Dataset:
Start of Block
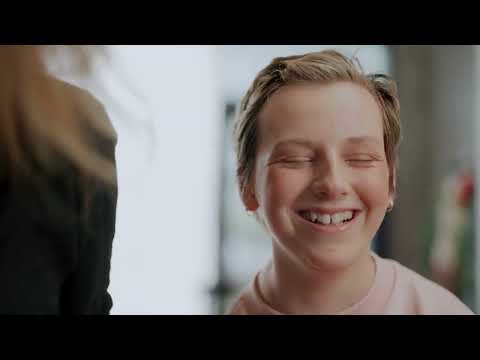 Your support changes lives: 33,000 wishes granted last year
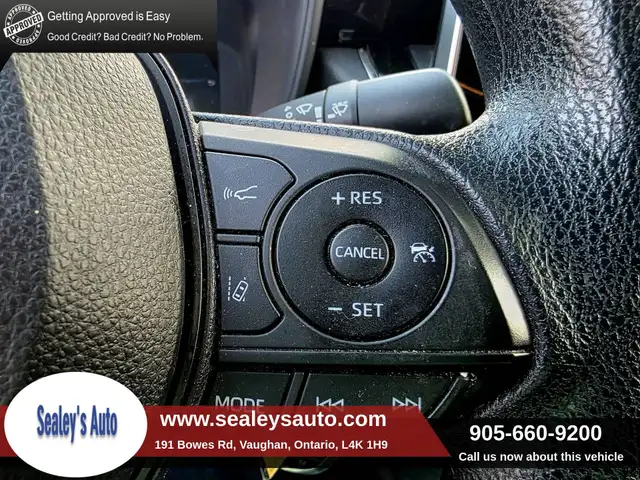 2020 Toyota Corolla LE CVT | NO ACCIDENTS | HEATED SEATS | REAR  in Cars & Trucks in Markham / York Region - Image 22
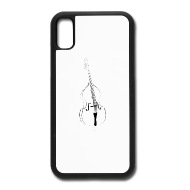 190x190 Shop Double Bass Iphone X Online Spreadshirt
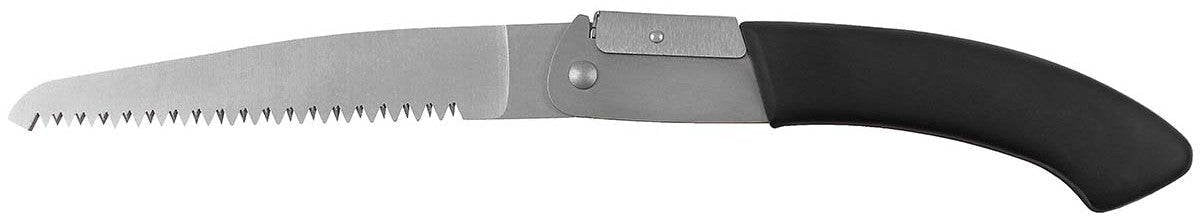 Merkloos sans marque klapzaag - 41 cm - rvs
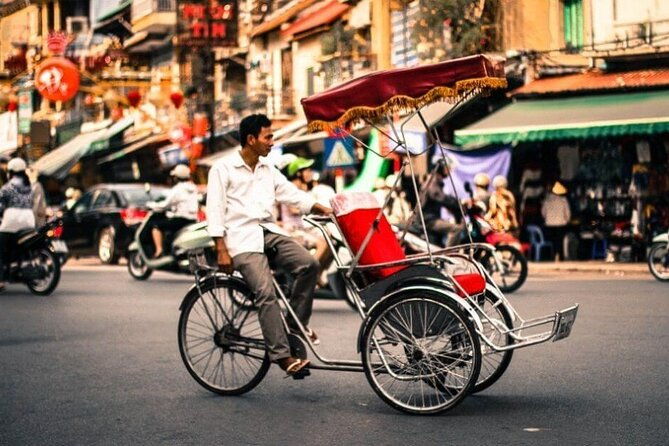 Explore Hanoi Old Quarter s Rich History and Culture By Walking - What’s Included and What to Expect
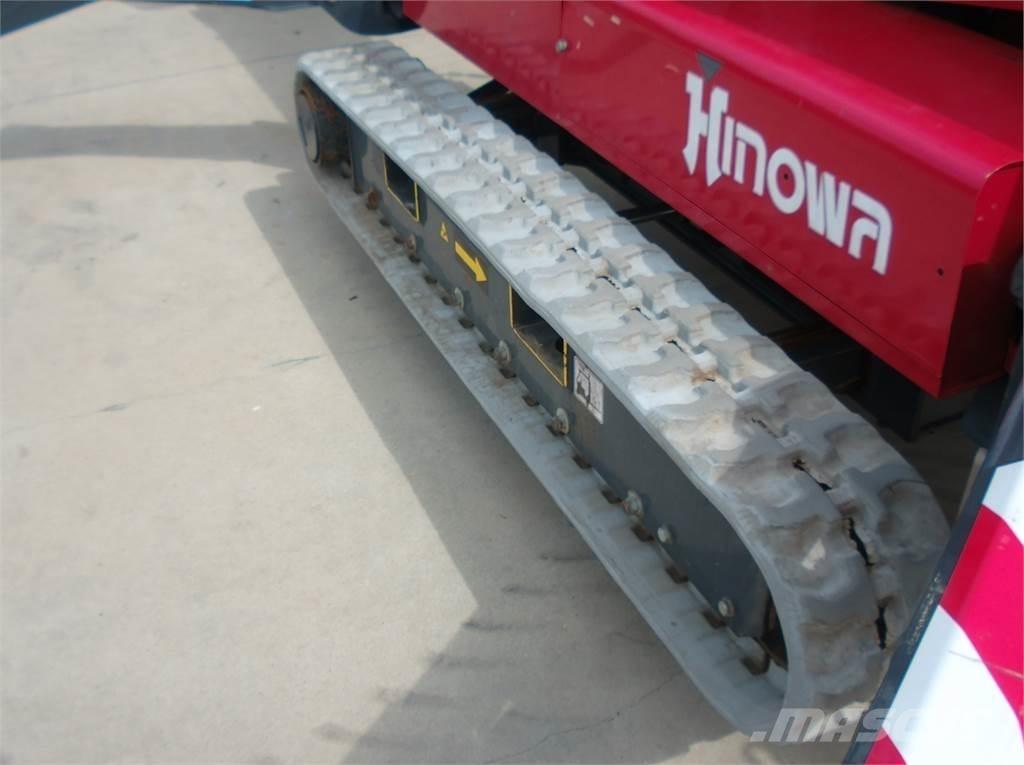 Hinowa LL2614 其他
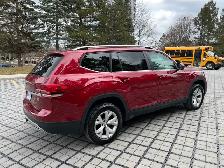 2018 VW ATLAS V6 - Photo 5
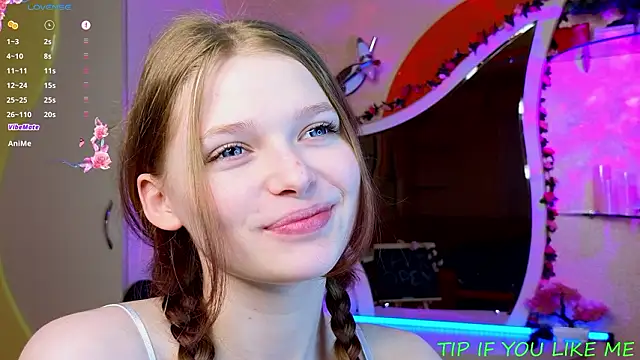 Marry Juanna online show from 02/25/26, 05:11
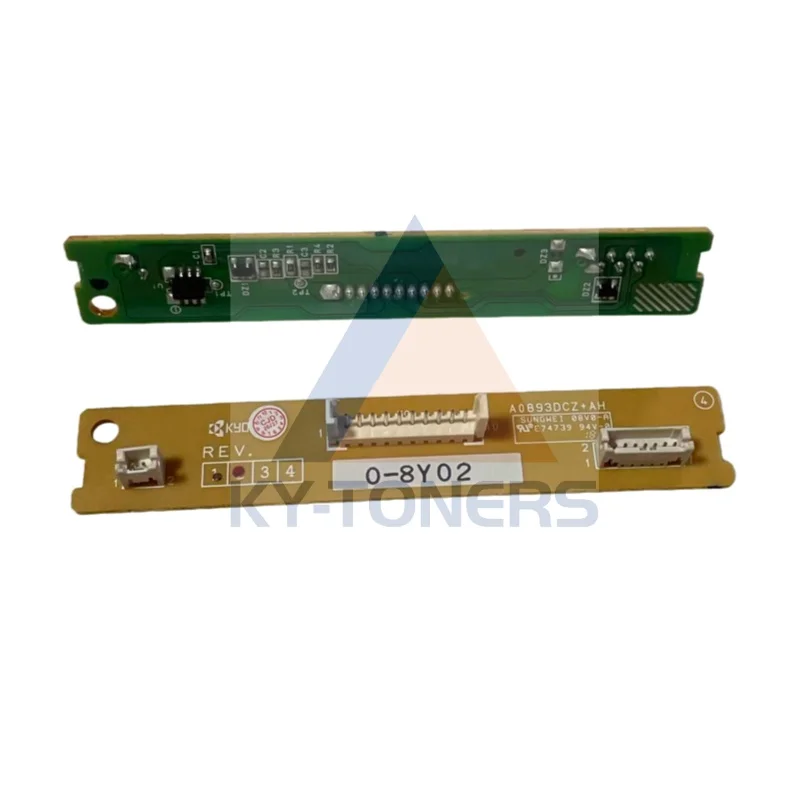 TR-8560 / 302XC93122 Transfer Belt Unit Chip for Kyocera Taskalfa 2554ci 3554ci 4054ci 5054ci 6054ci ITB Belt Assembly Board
End of Block
Start of Block
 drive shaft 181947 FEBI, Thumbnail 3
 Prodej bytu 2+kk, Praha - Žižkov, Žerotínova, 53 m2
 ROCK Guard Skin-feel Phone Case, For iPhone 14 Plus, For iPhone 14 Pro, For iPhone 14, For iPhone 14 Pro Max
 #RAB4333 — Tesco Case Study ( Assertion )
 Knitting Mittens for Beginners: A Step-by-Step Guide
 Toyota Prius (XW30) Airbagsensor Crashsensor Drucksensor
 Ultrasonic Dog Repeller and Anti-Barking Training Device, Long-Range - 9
End of Block
Start of Block
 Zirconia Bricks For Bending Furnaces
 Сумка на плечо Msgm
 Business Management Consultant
End of Block
Look above for the line with "2018 VW ATLAS V6 - Photo 5" and the line with "TR-8560 / 302XC93122"; set down those two lines and all lines between them exactly, without pictures and without anything else.

 2018 VW ATLAS V6 - Photo 5
 Marry Juanna online show from 02/25/26, 05:11
 TR-8560 / 302XC93122 Transfer Belt Unit Chip for Kyocera Taskalfa 2554ci 3554ci 4054ci 5054ci 6054ci ITB Belt Assembly Board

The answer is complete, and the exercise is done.